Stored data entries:
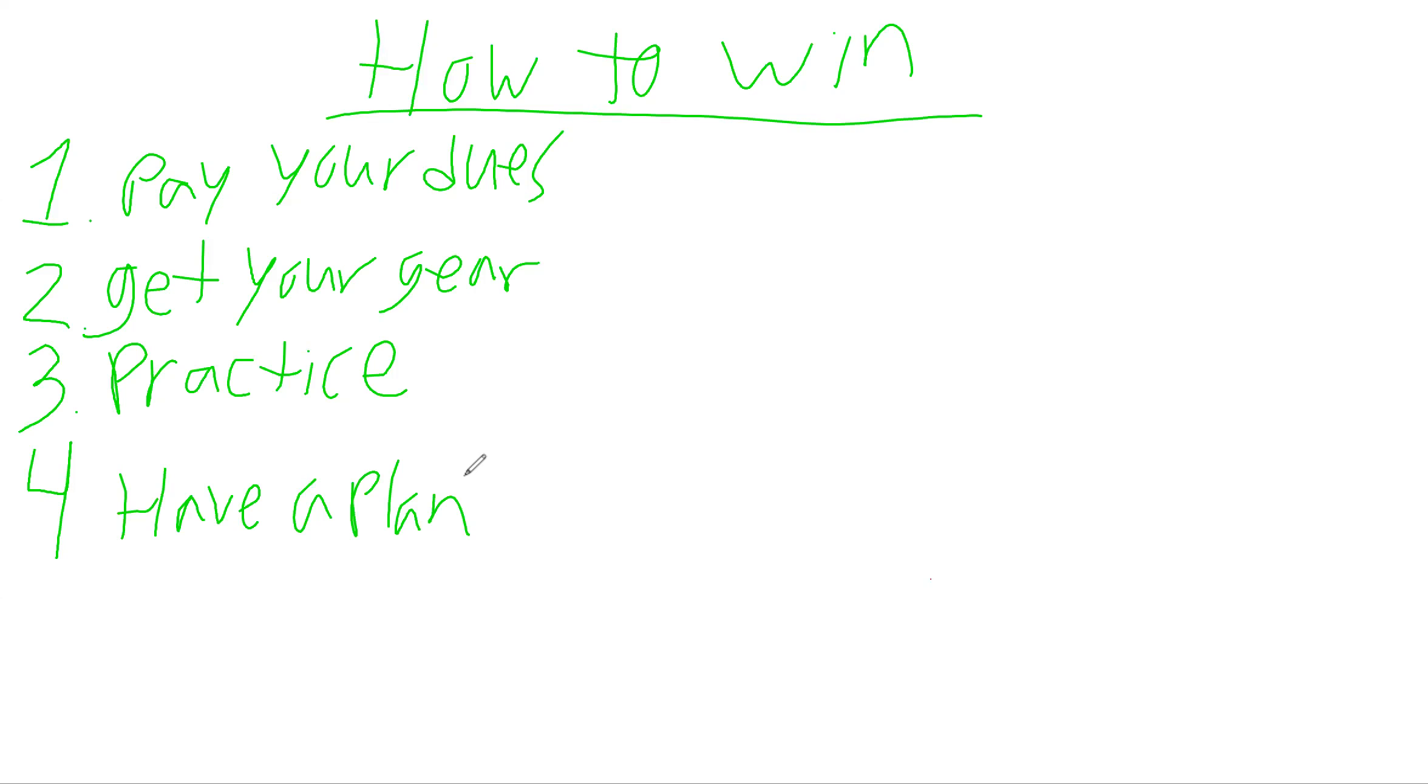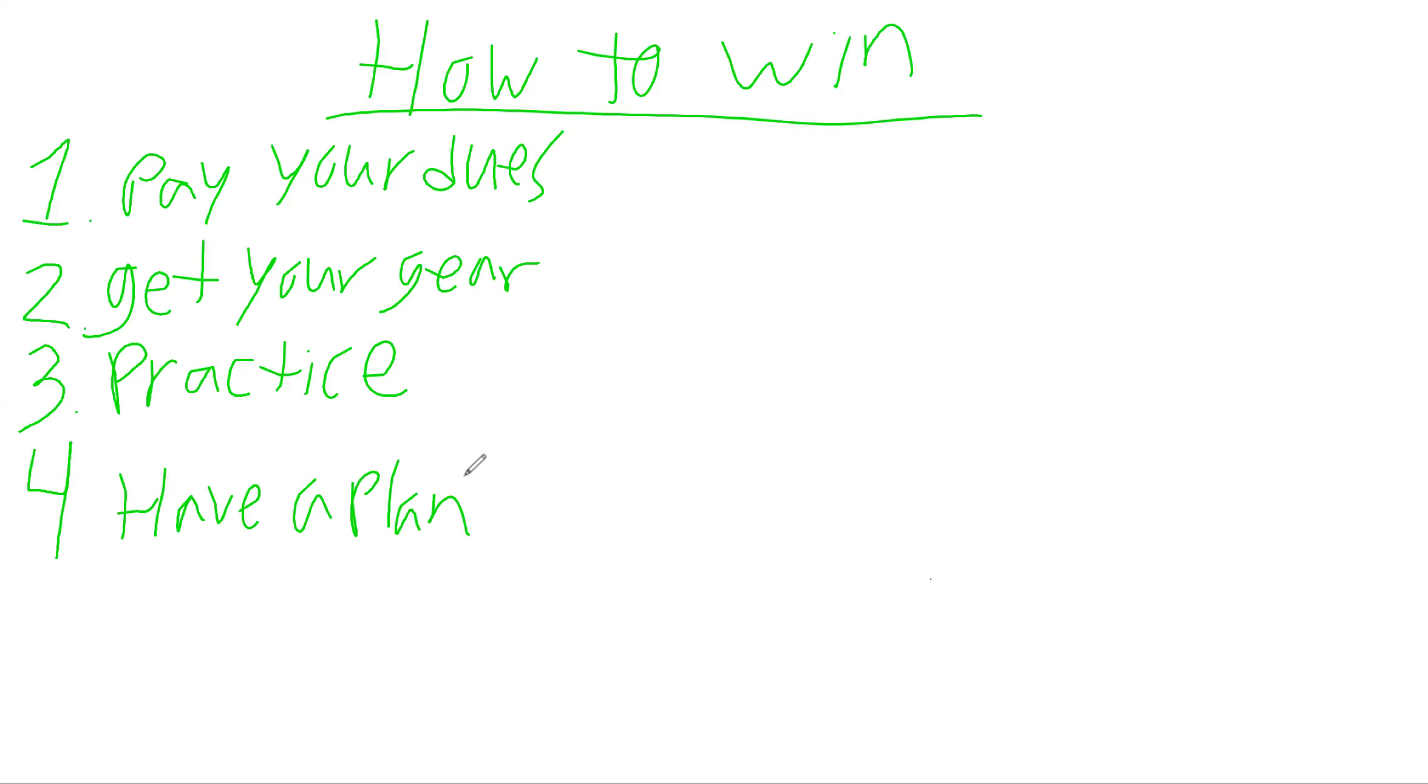If all those kids paid their dues, got their gear, and showed up to practice, what would be the next thing? They would have a plan - a game plan. Even in the lowest age group of kids, the coach comes in with a plan. They have plays. So if you're paying your dues, got your gear, showing up every Thursday to practice with your suit on, but you don't have a plan, how likely are you to execute?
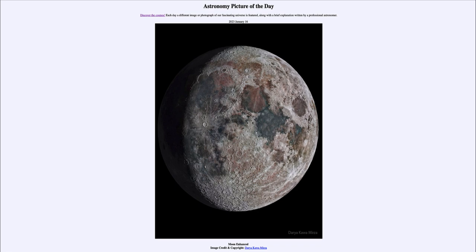That was our picture of the day for January 16th of 2023, titled 'Moon Enhanced.' We'll be back again tomorrow for the next picture, so until then have a great day everyone, and I will see you in class.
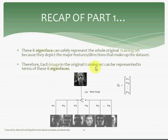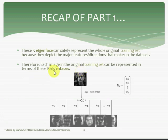These K significant eigenfaces can safely represent the whole original training set because they depict the major features or directions that make up the dataset. Therefore, each image in the original training set can be represented in terms of these K eigenfaces. In fact, even the input image — called the test image or the unknown face — is also represented in terms of these K eigenfaces. The eigenface representation works like this: an image from the training set can be represented as a weighted sum of each of the K eigenfaces. This weight vector tells you which proportion of each eigenface makes up that image. That was all for the recap of Part 1. Now we are going to move on to Part 2.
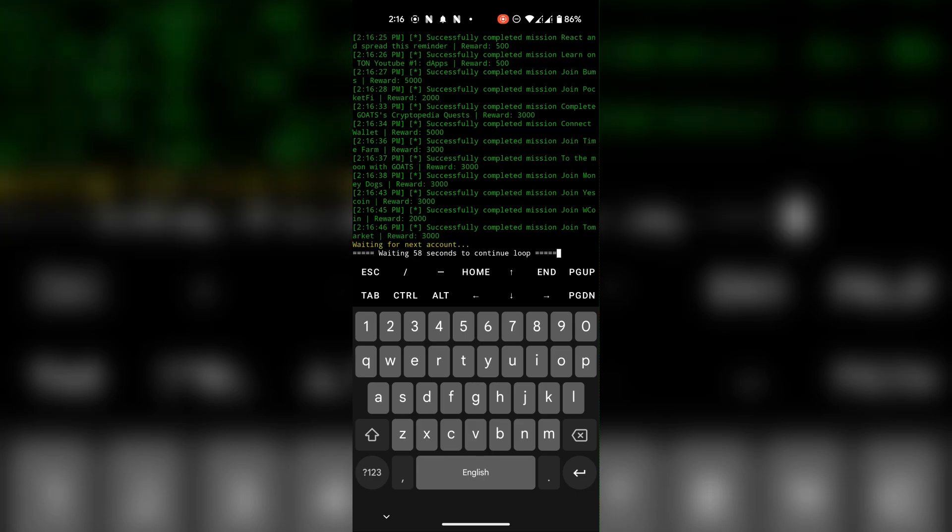If you have multiple accounts, it will wait 60 seconds before switching to the next account.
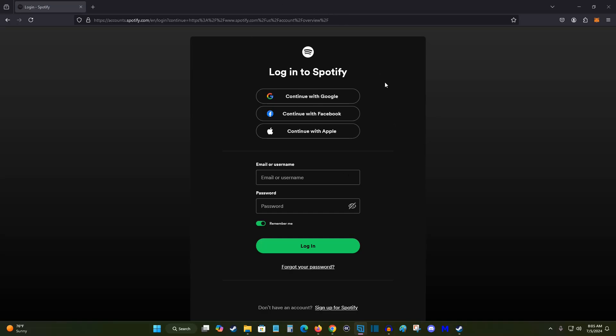we're going to log into your Spotify account. You can use your email or username, password, and then click log in.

__TRY IT__:
A word-for-word copy of the data, without its pictures, is what is needed.

__EXERCISE OUTPUT__:
If all those kids paid their dues, got their gear, and showed up to practice, what would be the next thing? They would have a plan - a game plan. Even in the lowest age group of kids, the coach comes in with a plan. They have plays. So if you're paying your dues, got your gear, showing up every Thursday to practice with your suit on, but you don't have a plan, how likely are you to execute?
That was our picture of the day for January 16th of 2023, titled 'Moon Enhanced.' We'll be back again tomorrow for the next picture, so until then have a great day everyone, and I will see you in class.
These K significant eigenfaces can safely represent the whole original training set because they depict the major features or directions that make up the dataset. Therefore, each image in the original training set can be represented in terms of these K eigenfaces. In fact, even the input image — called the test image or the unknown face — is also represented in terms of these K eigenfaces. The eigenface representation works like this: an image from the training set can be represented as a weighted sum of each of the K eigenfaces. This weight vector tells you which proportion of each eigenface makes up that image. That was all for the recap of Part 1. Now we are going to move on to Part 2.
If you have multiple accounts, it will wait 60 seconds before switching to the next account.
we're going to log into your Spotify account. You can use your email or username, password, and then click log in.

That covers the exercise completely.